I still remember the company Christmas party in 2011 when a colleague walked up to me in front of my bosses and asked if I knew anything about responsive design. As it happened, I had just come back from a conference a few weeks earlier where Ethan Marcotte, the designer who coined the term, had presented this soon-to-be revolutionary methodology of implementing websites that would conform to the devices they were viewed on. Having been the only person in the organization to have even heard about it, I pulled out the stops to become an expert in it in a short period of time. Soon I was training designers, developers, project managers, and salespeople across Siteworx on what it was, how to do it, and what it meant for us and our clients. NetApp was the first project we started with this responsive journey. Afterwards I worked/assisted on four additional responsive design projects (Time Warner Cable, Grant Thornton, AAAS, and McGladrey) and the company sold countless others.
Alignment
For this particular project, we were assisting NetApp with the strategy and design, as well as training their development team on the methodology of responsive design. Their team had already done a lot of marketing and user research, persona building, and journey mapping. I used all those as input (though I always prefer doing the research ourselves) into our responsive alignment session. After identifying the goals of the project, the website itself, and laying out user goals, we took a mobile first approach to prioritizing content. This was a new approach at the time as we had always prioritized content the same throughout a website experience. Since we were completing multiple experiences at once, we had to be cognizant of the experience with the most constraints first: mobile.
User Testing
In this particular engagement, the client already had some ideas about design. We did not feel the client’s design was a good one and the grid and structure had no shot of working well on mobile or tablet touch devices. We set out to prove through user testing that our assumptions were correct.

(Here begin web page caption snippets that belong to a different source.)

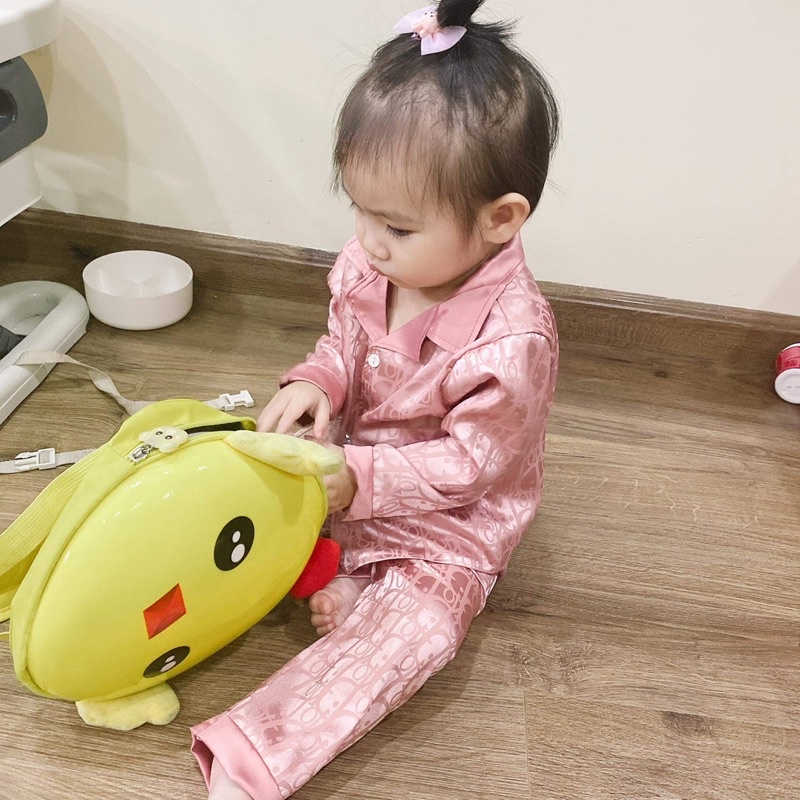 Pyjama cho bé size 7-15kg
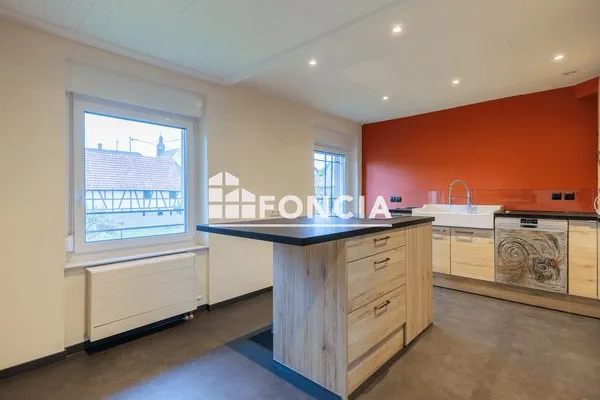 Appartement 3 pièces 86 m²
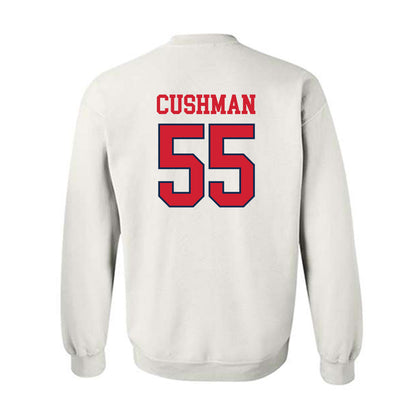 Ole Miss - NCAA Football : Preston Cushman Sweatshirt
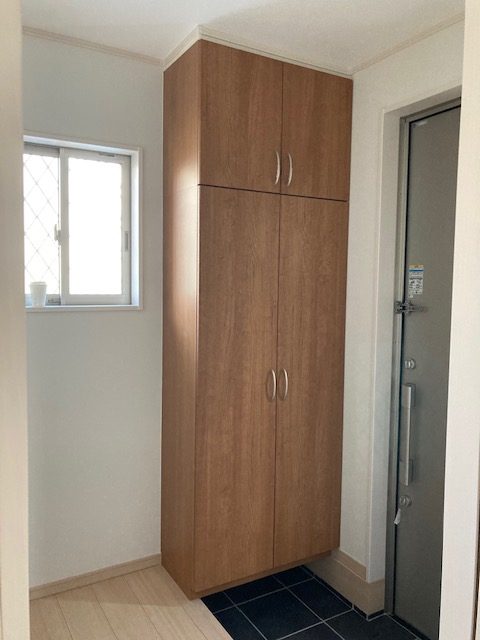 シューズボックス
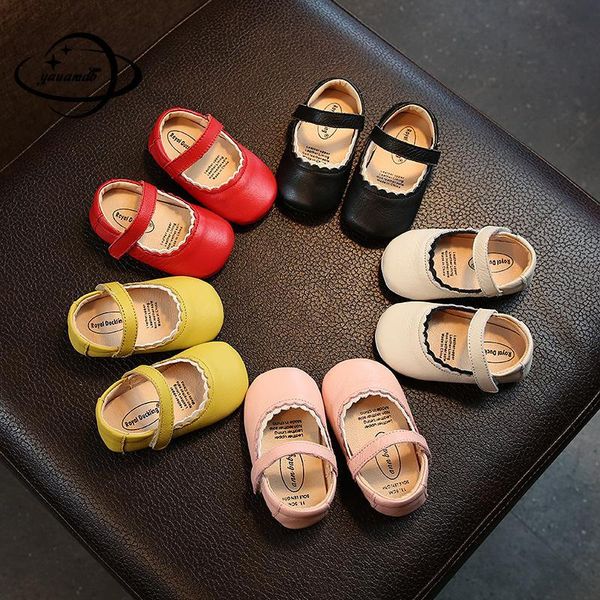 first walkers 0-2y born baby spring/autumn girls genuine leather toddler shoes hook & loop lace soft bottom infant h43
first walkers 0-2y born baby spring/autumn girls genuine leather toddler shoes hook & loop lace soft bottom infant h43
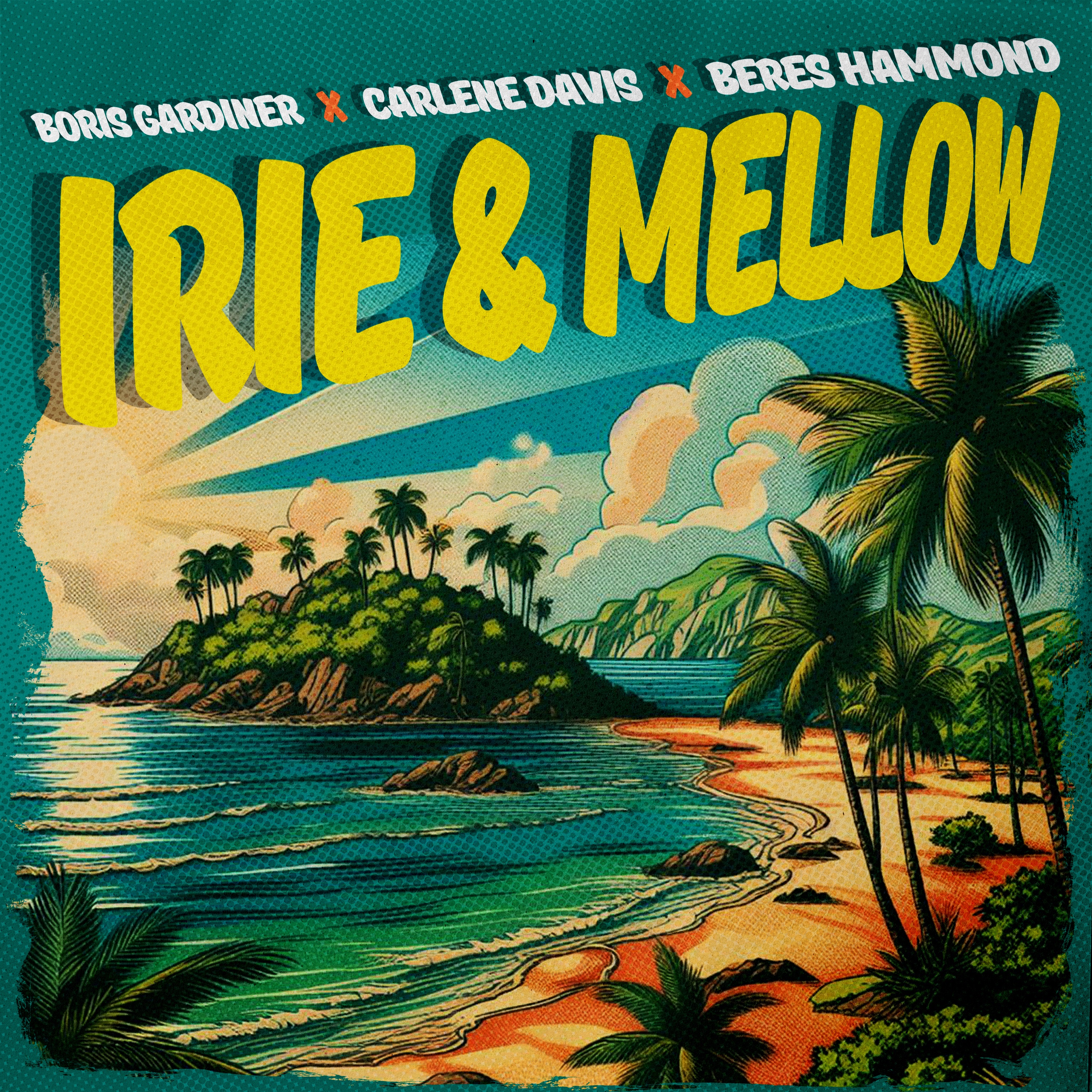 Irie & Mellow album cover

We built their design into a prototype and tested it with many users. I guided one of our junior UX team members in building the prototype, as well as creating the questions for the user test. In the end, it didn’t test well, which gave us the opportunity to redo the design while still keeping some core elements of the client’s design.
Design
I assisted our design team in thinking responsively about their design and introducing the mobile first concept as well. We made sure to design the entire mobile experience first, building a prototype that users could click through and then ratcheting it up for the desktop experience. Their visual design and colors were fairly set, so there was not a lot of art direction to this one. I was happy to see their development team complete the project and continue to tweak it over the years.